_WHAT IS REQUIRED_
Below is a listing. Return the lines from the one that contains "Great price on" to the one that contains "Bagseed - Day 12", both ends included, verbatim and with no pictures.

_AVAILABLE DATA_

- - -

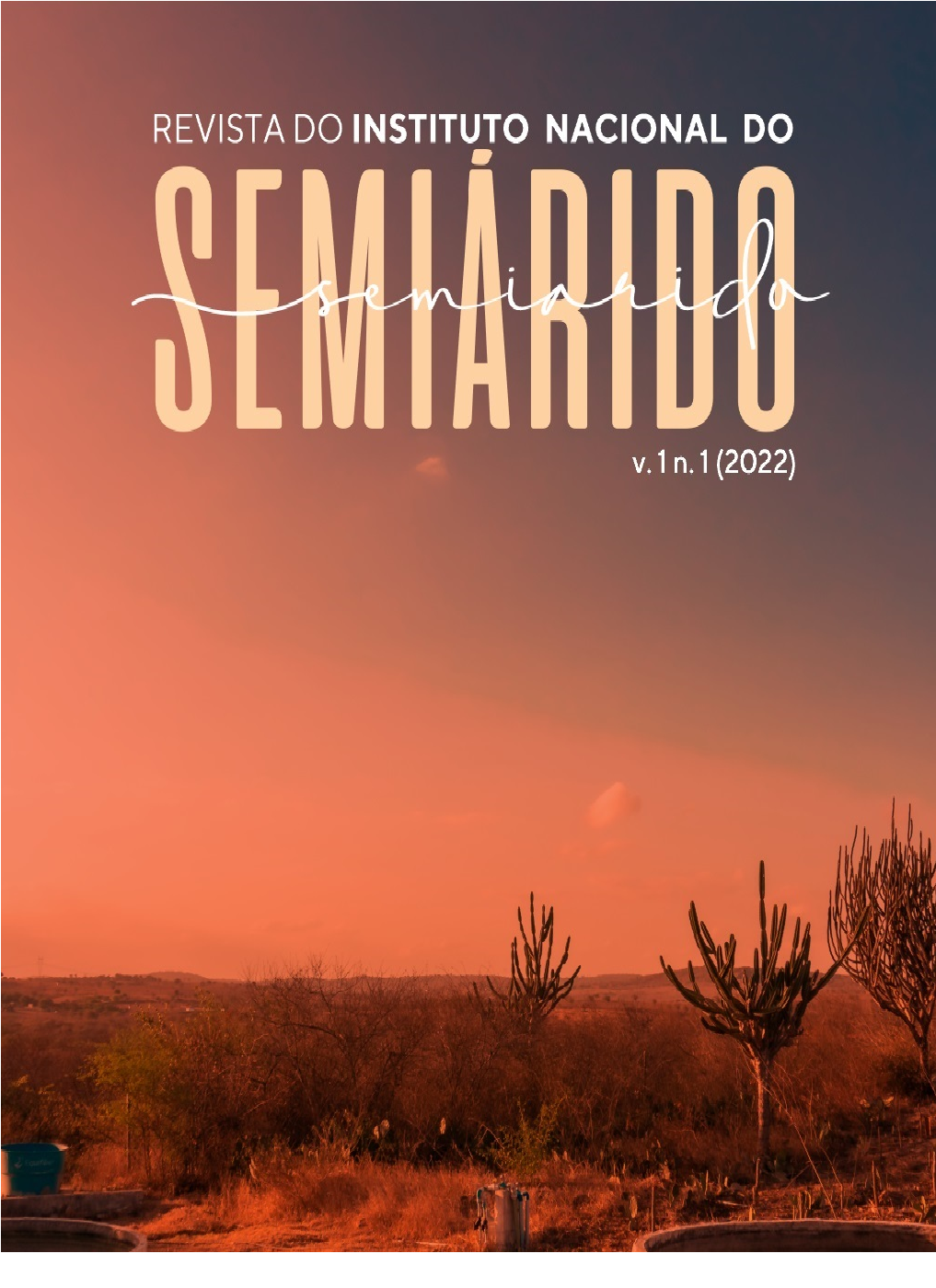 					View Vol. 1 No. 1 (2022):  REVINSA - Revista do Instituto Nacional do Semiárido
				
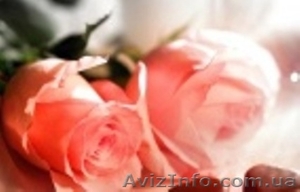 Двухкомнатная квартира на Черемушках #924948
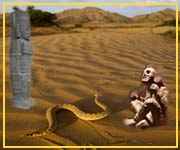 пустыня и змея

- - -

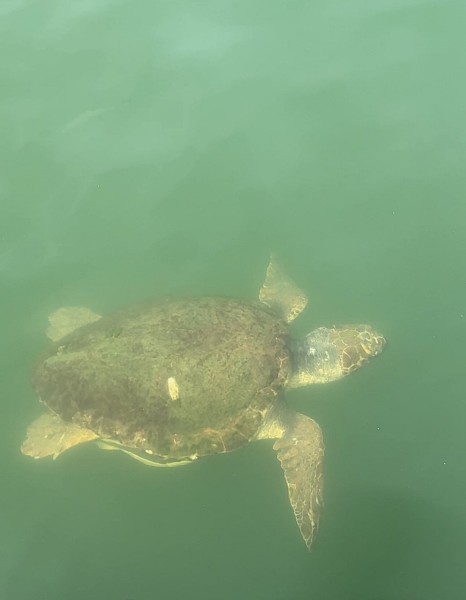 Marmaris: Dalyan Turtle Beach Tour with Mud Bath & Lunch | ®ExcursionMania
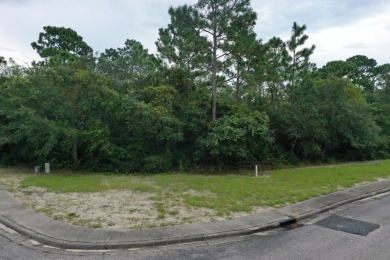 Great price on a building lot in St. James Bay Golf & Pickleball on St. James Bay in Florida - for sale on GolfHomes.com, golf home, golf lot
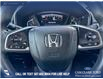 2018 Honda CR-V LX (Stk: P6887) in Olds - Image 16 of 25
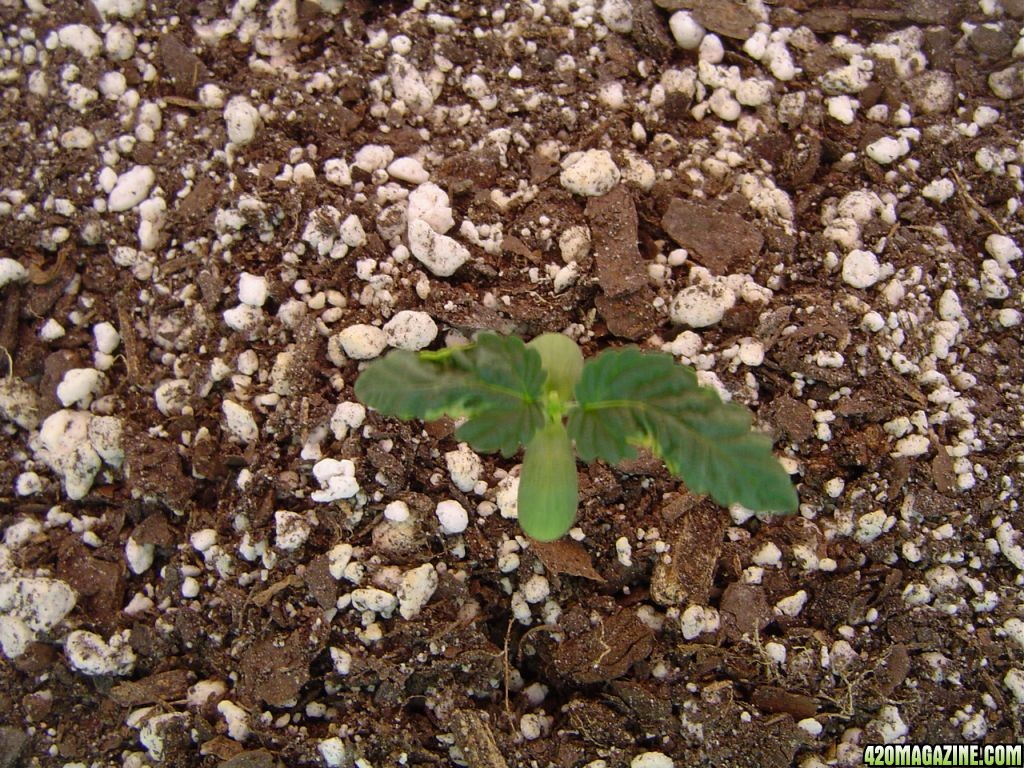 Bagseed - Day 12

- - -

_PROBLEM SOLUTION_
 Great price on a building lot in St. James Bay Golf & Pickleball on St. James Bay in Florida - for sale on GolfHomes.com, golf home, golf lot
 2018 Honda CR-V LX (Stk: P6887) in Olds - Image 16 of 25
 Bagseed - Day 12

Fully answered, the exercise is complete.